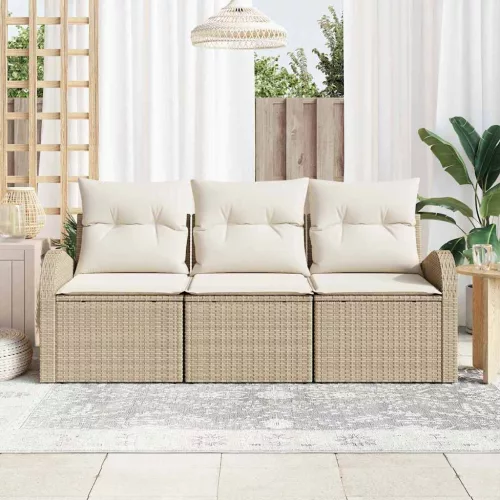 Kerti Kanapé Szett párnával 3 pcs Bézs Poli rattan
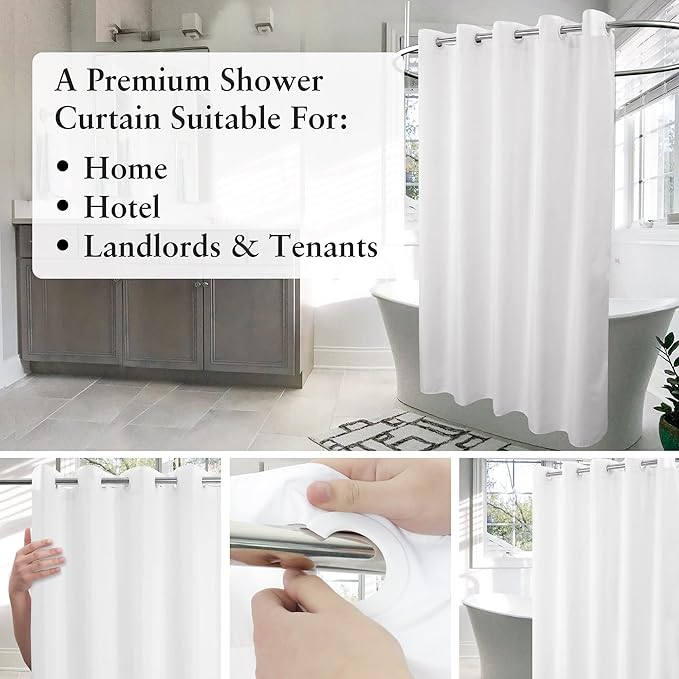 River Dream No Hook Long Shower Curtain or Liner Soft Microfiber - 75" Length Fabric Shower Curtain Liner Set, Machine Washable & Water Repellent, White, 71x77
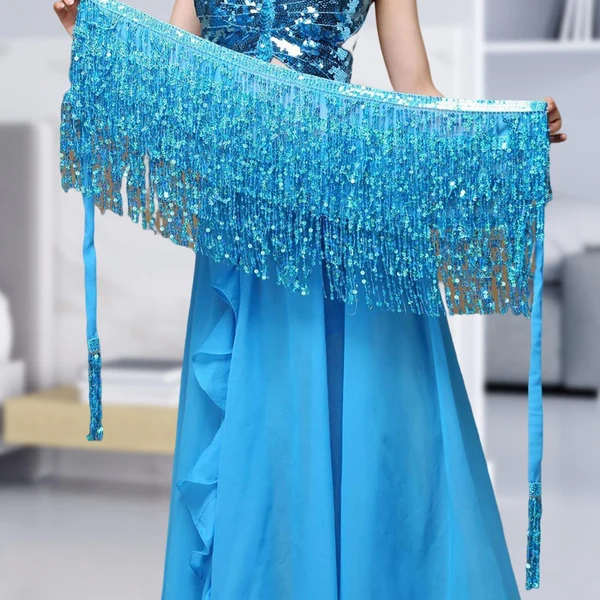 Green Maxbell Belly Dance Skirt Belt Sequined Tassel Costume for Performance Party Rave Blue Certified
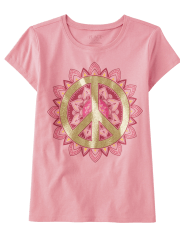 Girls Peace Sign Graphic Tee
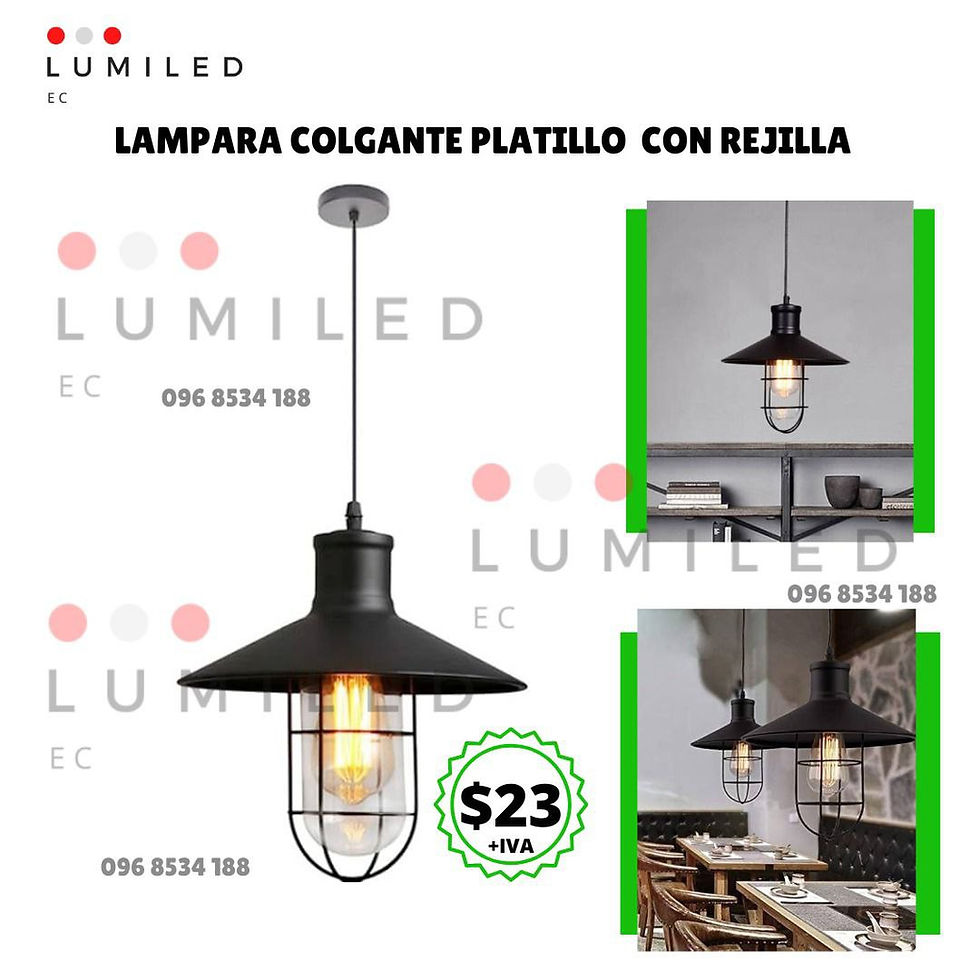 Miniatura: LAMPARA COLGANTE TIPO PLATO CON REJILLA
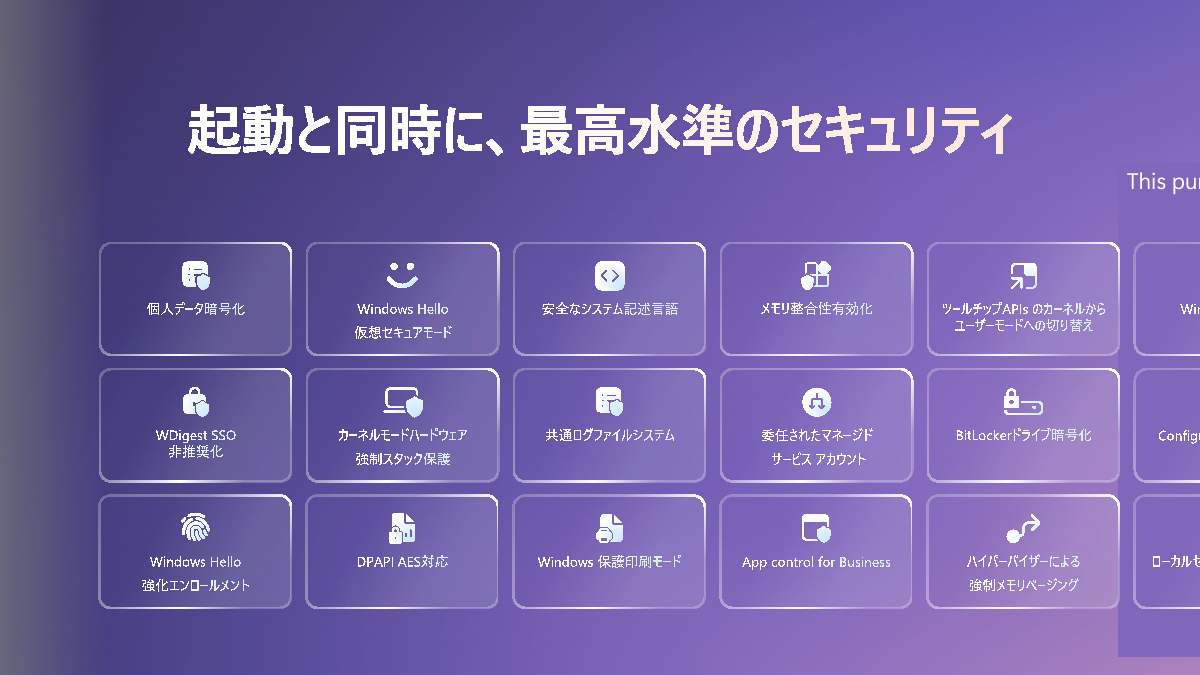 Windows 11のセキュリティ機能。講演ではこれが横にスクロールして多数が表示された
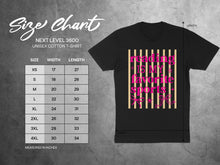 Load image into Gallery viewer, Next Level 3600 unisex t-shirt size chart with width and length measurements.
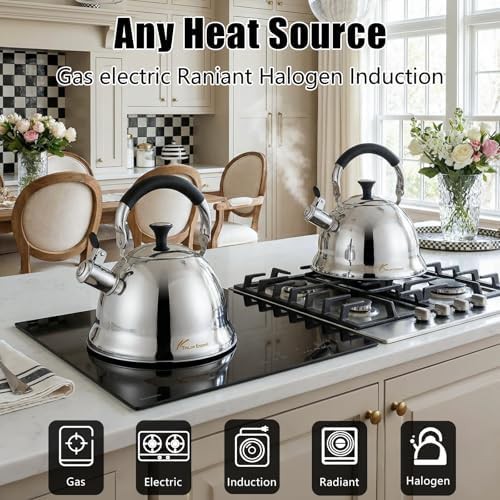 Silver stainless steel whistling tea kettle 3.1QT — photo 5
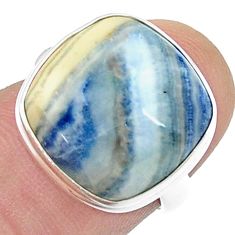 11.20cts solitaire natural blue scheelite 925 silver ring jewelry size 6 u47753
=======
§ **What you are asked to do**: Give back the data exactly, with no images.

§ **Exercise response**:
 Kerti Kanapé Szett párnával 3 pcs Bézs Poli rattan
 River Dream No Hook Long Shower Curtain or Liner Soft Microfiber - 75" Length Fabric Shower Curtain Liner Set, Machine Washable & Water Repellent, White, 71x77
 Green Maxbell Belly Dance Skirt Belt Sequined Tassel Costume for Performance Party Rave Blue Certified
 Girls Peace Sign Graphic Tee
 Miniatura: LAMPARA COLGANTE TIPO PLATO CON REJILLA
 Windows 11のセキュリティ機能。講演ではこれが横にスクロールして多数が表示された
 Load image into Gallery viewer, Next Level 3600 unisex t-shirt size chart with width and length measurements.
 Silver stainless steel whistling tea kettle 3.1QT — photo 5
 11.20cts solitaire natural blue scheelite 925 silver ring jewelry size 6 u47753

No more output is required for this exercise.